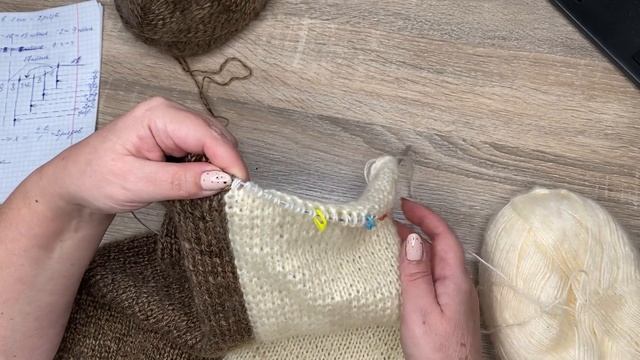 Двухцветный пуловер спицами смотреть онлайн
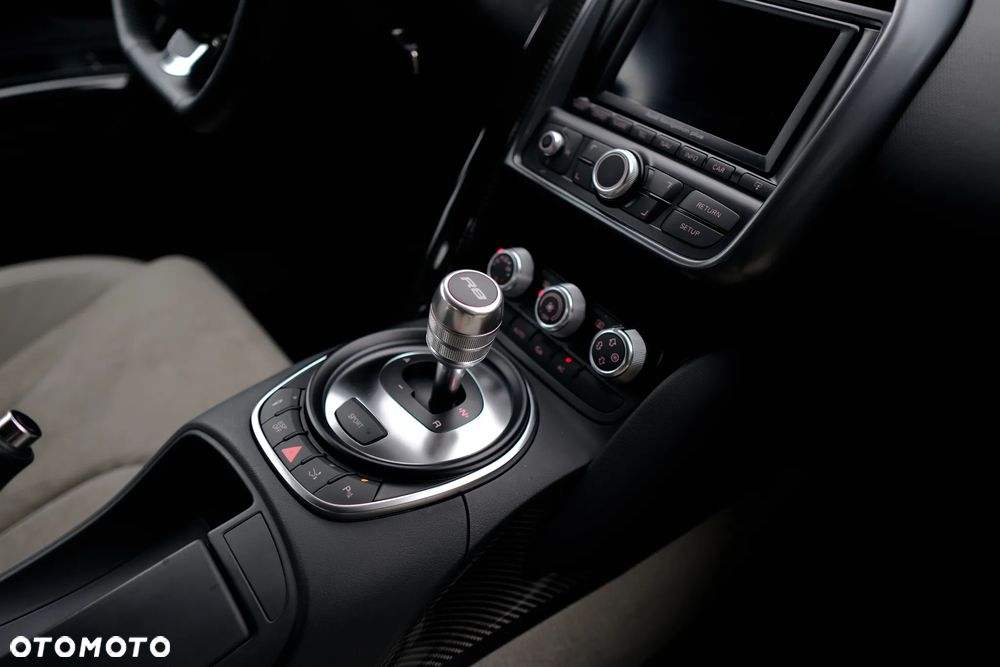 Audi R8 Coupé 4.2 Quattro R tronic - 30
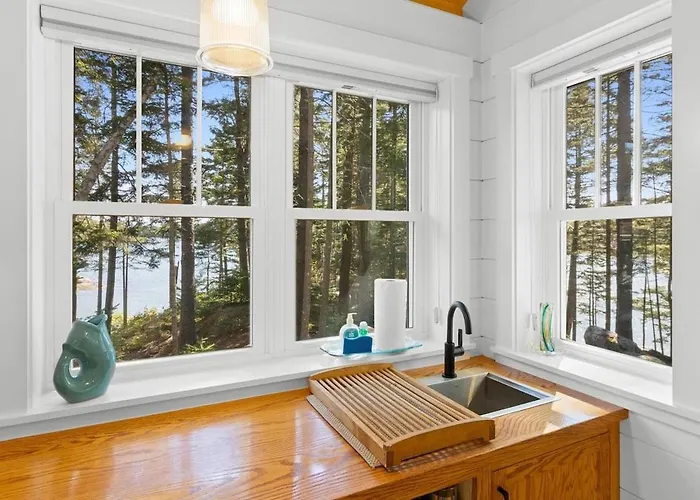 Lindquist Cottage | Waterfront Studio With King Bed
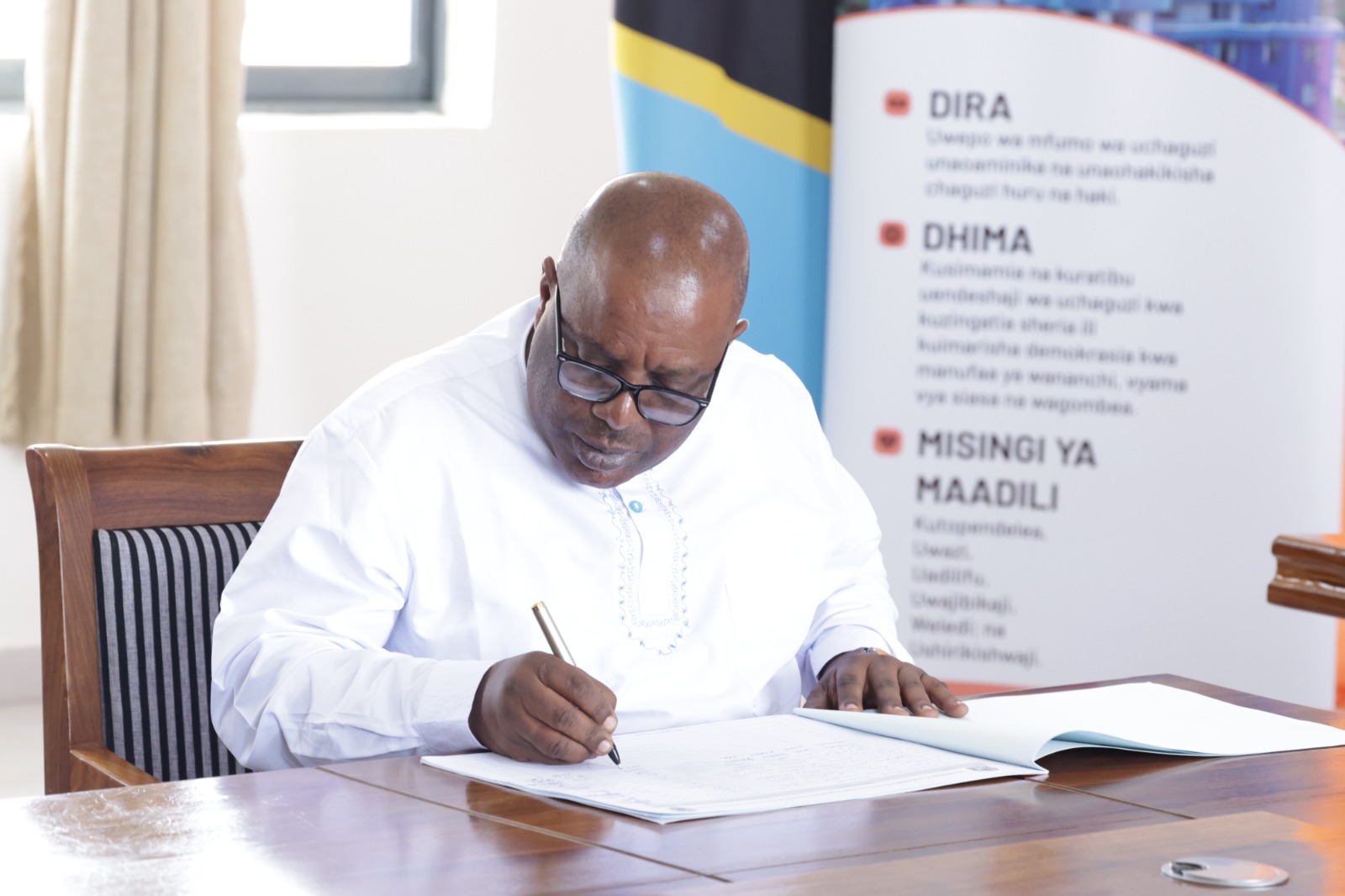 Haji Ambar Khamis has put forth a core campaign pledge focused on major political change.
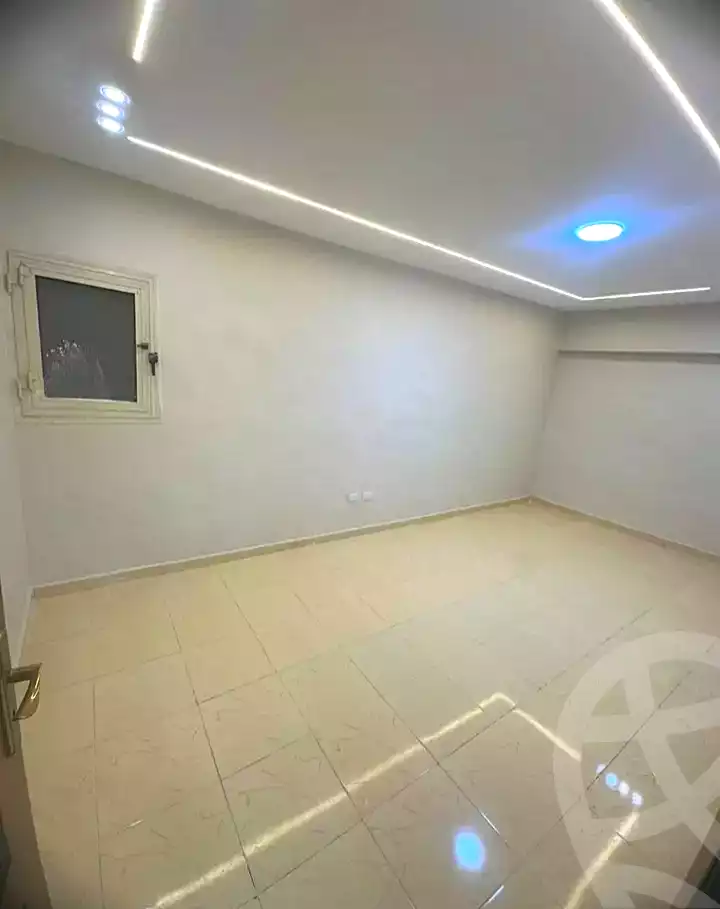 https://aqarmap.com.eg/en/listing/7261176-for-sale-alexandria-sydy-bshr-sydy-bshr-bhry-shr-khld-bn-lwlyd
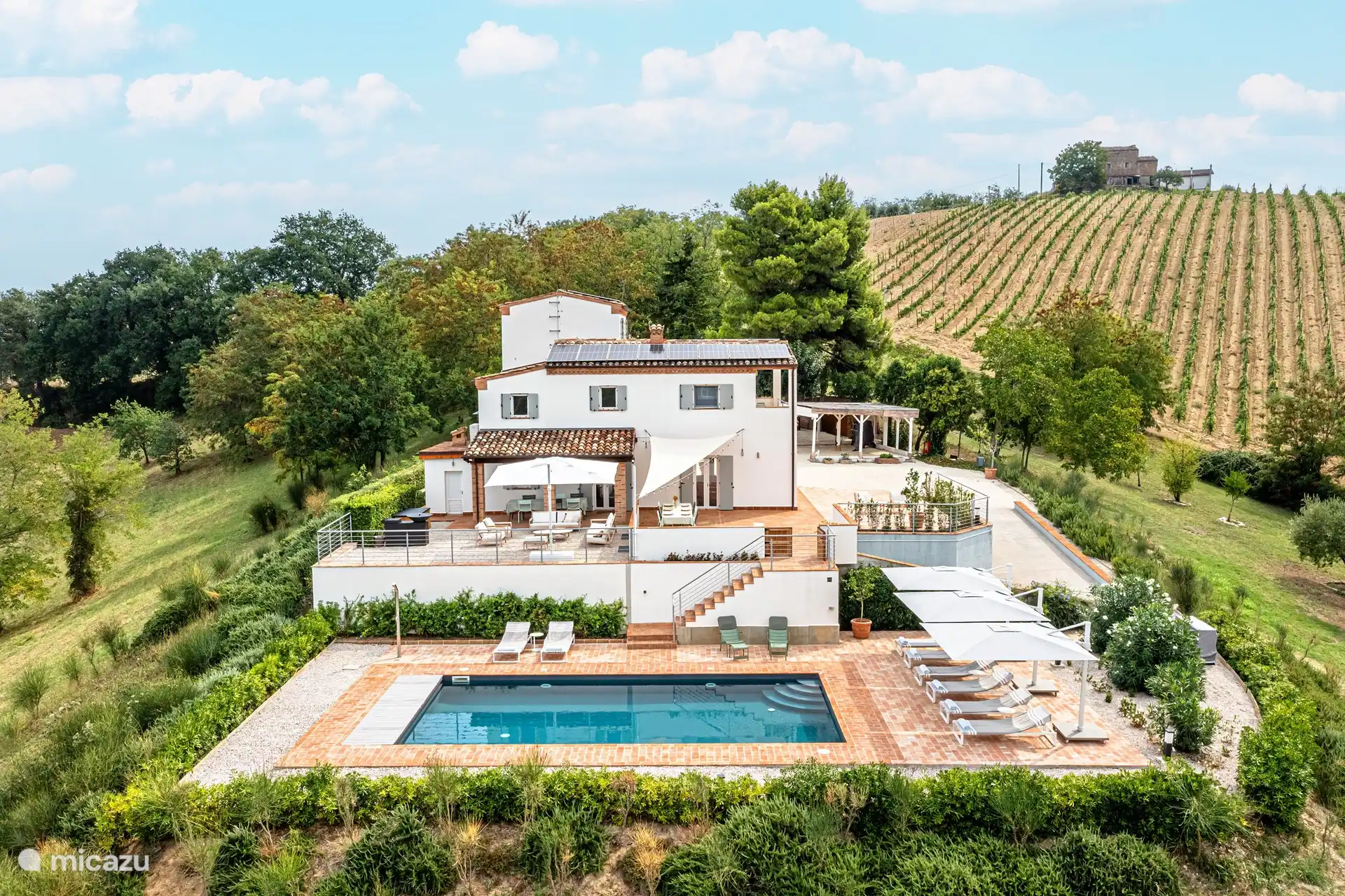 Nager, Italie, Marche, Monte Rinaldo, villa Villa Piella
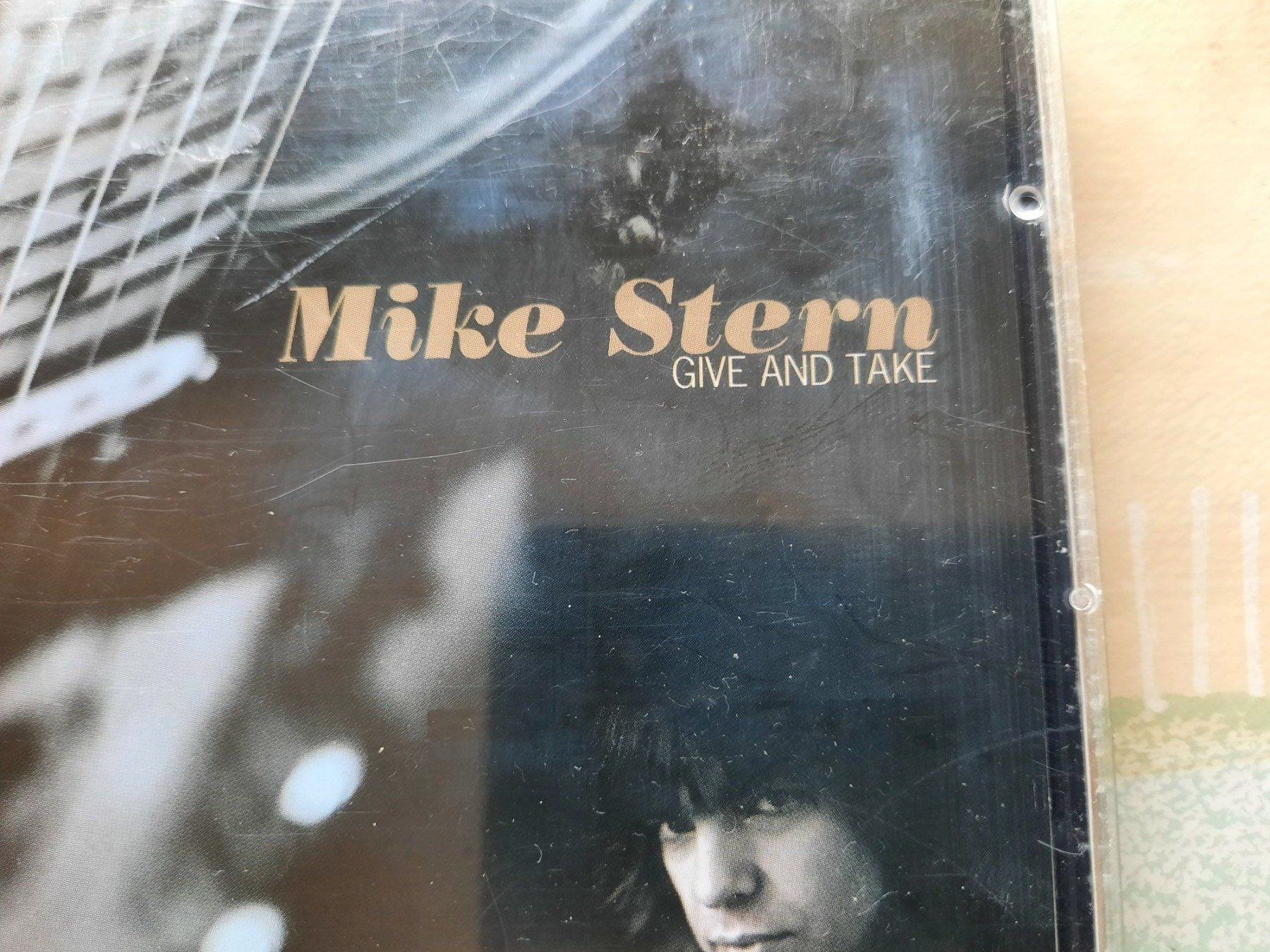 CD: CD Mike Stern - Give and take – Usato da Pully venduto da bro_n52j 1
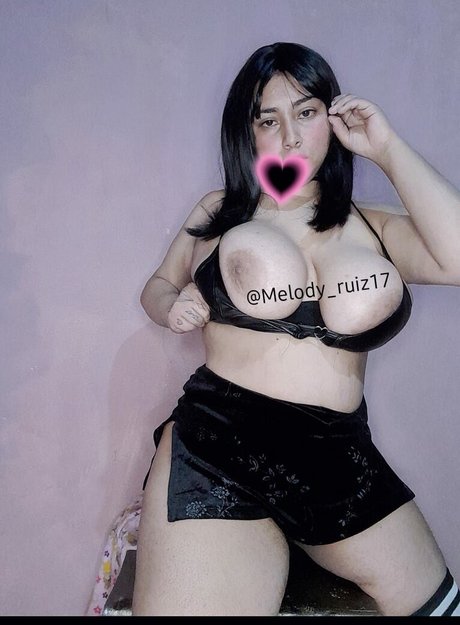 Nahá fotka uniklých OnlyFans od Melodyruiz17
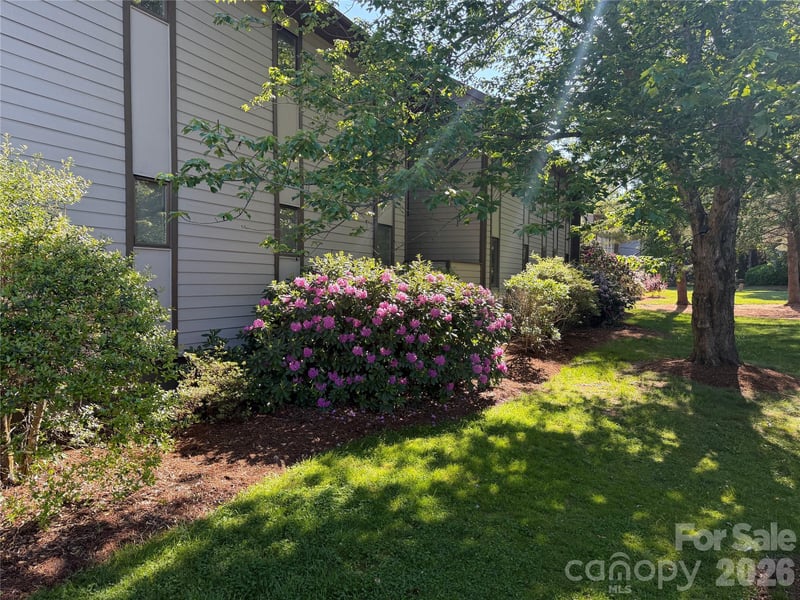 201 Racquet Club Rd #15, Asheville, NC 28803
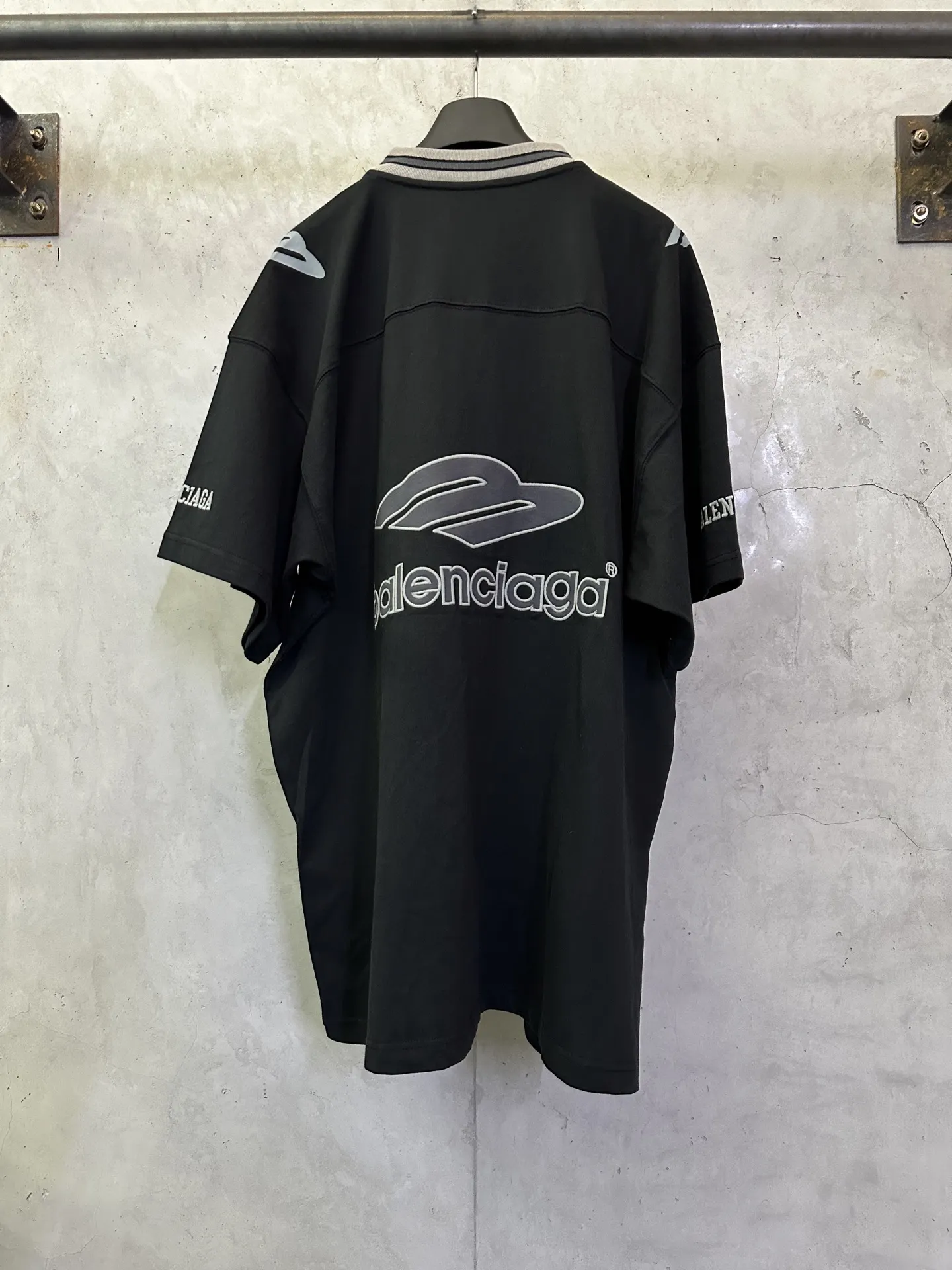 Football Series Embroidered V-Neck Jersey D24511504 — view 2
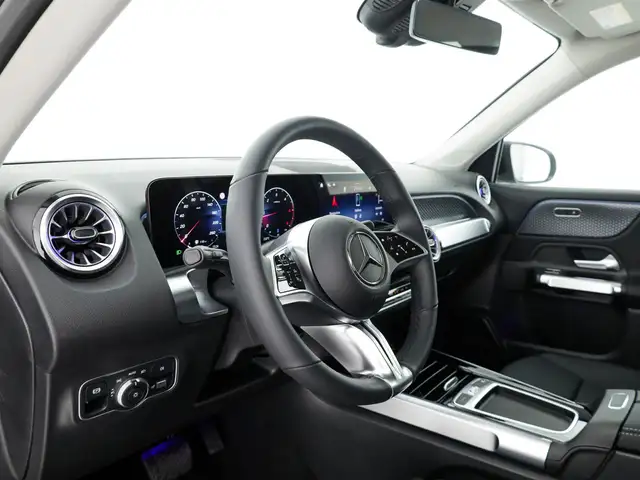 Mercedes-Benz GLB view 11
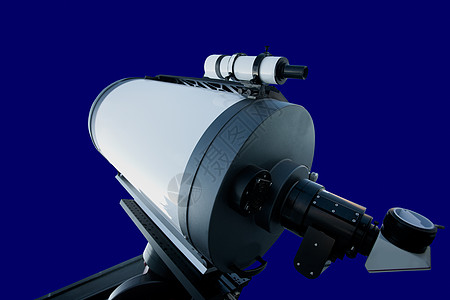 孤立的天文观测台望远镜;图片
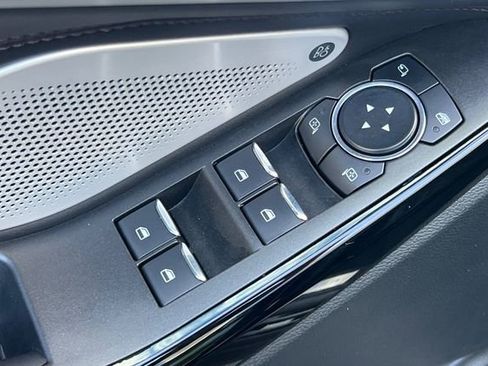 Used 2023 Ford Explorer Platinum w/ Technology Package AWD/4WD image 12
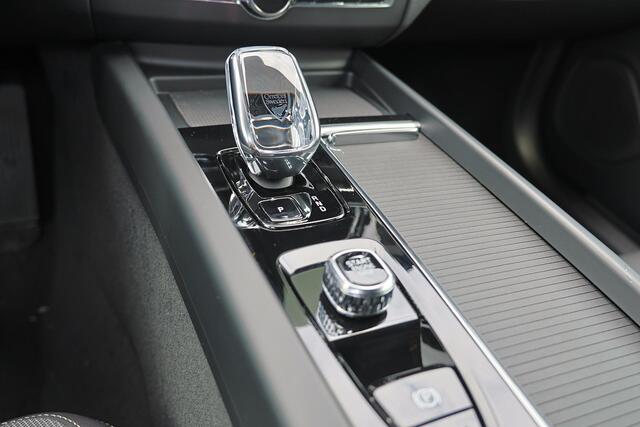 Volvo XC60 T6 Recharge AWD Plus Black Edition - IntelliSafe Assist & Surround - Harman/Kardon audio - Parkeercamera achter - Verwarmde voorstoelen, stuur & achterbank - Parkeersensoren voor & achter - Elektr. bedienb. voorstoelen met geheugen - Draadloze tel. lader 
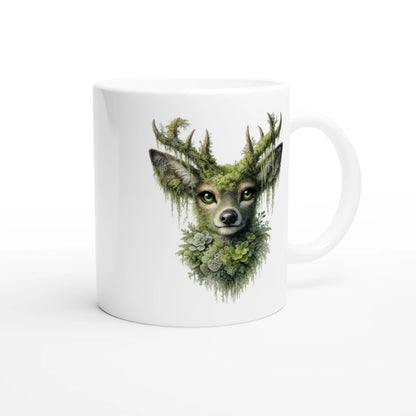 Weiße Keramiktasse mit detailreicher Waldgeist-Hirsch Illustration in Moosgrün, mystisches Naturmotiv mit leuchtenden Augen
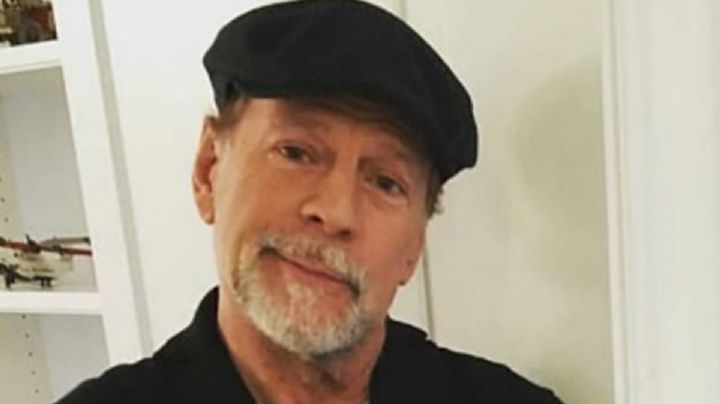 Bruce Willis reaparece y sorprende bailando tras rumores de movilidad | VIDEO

****************************************

Within the data above, repeat exactly the lines from the one bearing "Mercedes-Benz GLB view 11" through the one bearing "Volvo XC60 T6". Include no pictures and nothing else.

 Mercedes-Benz GLB view 11
 孤立的天文观测台望远镜;图片
 Used 2023 Ford Explorer Platinum w/ Technology Package AWD/4WD image 12
 Volvo XC60 T6 Recharge AWD Plus Black Edition - IntelliSafe Assist & Surround - Harman/Kardon audio - Parkeercamera achter - Verwarmde voorstoelen, stuur & achterbank - Parkeersensoren voor & achter - Elektr. bedienb. voorstoelen met geheugen - Draadloze tel. lader 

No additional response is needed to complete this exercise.